2016-11-02 15:40:40 +0700, Robert Elz:
[...]
>   | If 'mktemp' were a POSIX standard utility, this wouldn't be an issue,
>   | but it's not, so it is.
> 
> mktemp certainly makes it easier (and more efficient) to create unique
> filenames (and is now ubiquitous enough that it probably ought be added)
> but it isn't required - locking can be done without it, and with locking
> a scheme can be written which creates files as needed (the lock file isn't
> the file ultimately to be created, just a lock - when the lock is owned,
> the script no longer needs atomic operations, it can test and create quite
> safely.)
[...]

You're looking at it from the point of view of locking. As you
say, ln or mkdir can be used for that instead.

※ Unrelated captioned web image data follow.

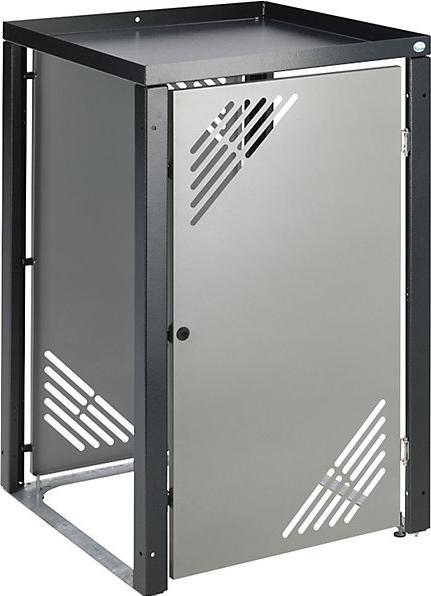Actual product image VAR Waste container cupboard with planter lid tray, lockable, add-on element (240 l)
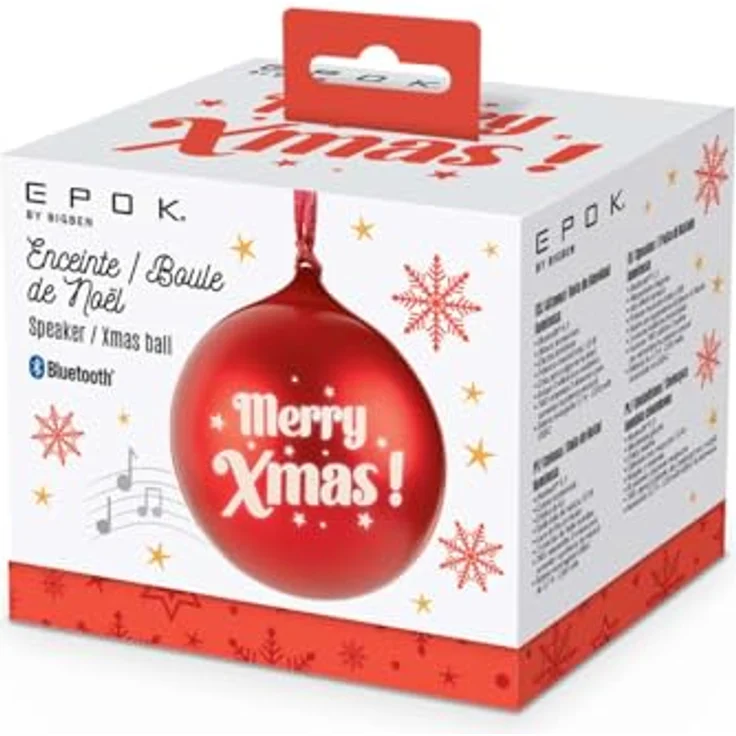 Big Ben EPOK Leuchtende Weihnachtskugel, roter Bluetooth-Lautsprecher mit Lichteffekten und 10 W Musikleistung – Bild 8
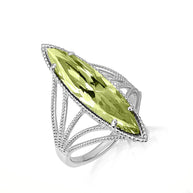 .925 Sterling Silver Marquise Cut Gemstone Rope Band Ring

set -C is often used as a way to create a temp file (a poor
man's mktemp). And as currently implemented it is not safe.

A typical implementation of mktemp as a POSIX shell function is:

mktemp() {
  mktemp_prefix=${TMPDIR:-/tmp}/$1.$$
  mktemp_suffix=
  mktemp_fd=${2-1}

  case $- in
    (*C*) mktemp_restore=;;
    (*) mktemp_restore="set +C"; set -C;;
  esac

  mktemp_mask=$(umask)
  umask 077 || return

  mktemp_ret=0
  mktemp_n=0

  until
    REPLY=$mktemp_prefix$mktemp_suffix
    eval 'command exec '"$mktemp_fd"'<> "$REPLY"' 2> /dev/null &&
      [ -f "$REPLY" ] &&
      [ ! -L "$REPLY" ]
  do
    mktemp_n=$((mktemp_n + 1))
    if [ "$mktemp_n" -gt 20 ]; then
      echo >&2 "Unable to create a temp file after $mktemp_n attemps"
      eval "command exec $mktemp_fd>&-" 2> /dev/null
      REPLY=
      mktemp_ret=1
      break
    fi
    mktemp_suffix=.$mktemp_n
  done

  eval "$mktemp_restore"
  umask "$mktemp_mask"
  return "$mktemp_ret"
}

mktemp "${0##*/}.tmp" 3 || exit
echo test >&3
rm -f "$REPLY"


Here, the fact that set -C has an internal race condition
matters as much as the fact that it will happily open non-regular files.
Our [ -f "$REPLY" ] is also racy.

The race in set -C means an attacker can make you clobber any file, but
even if that race window is closed, that still means an attacker can
make you open or clobber any device/fifo file.

At the moment, there's no way (that I know) to create a temp file
reliably with POSIX utilities (though it may be possible to create a
temp dir reliably, which is generally a better idea than creating a temp
file in a world writable directory anyway).

Or IOW, rather than adding a O_NOCLOBBER open flag to fix that (not very
useful) "set -C", it would be more useful to add a proper shell
interface to O_EXCL.

One to O_NOFOLLOW (or to any arbitrary open flag supported by
the system as suggested in that zsh ML thread) would be welcome as well.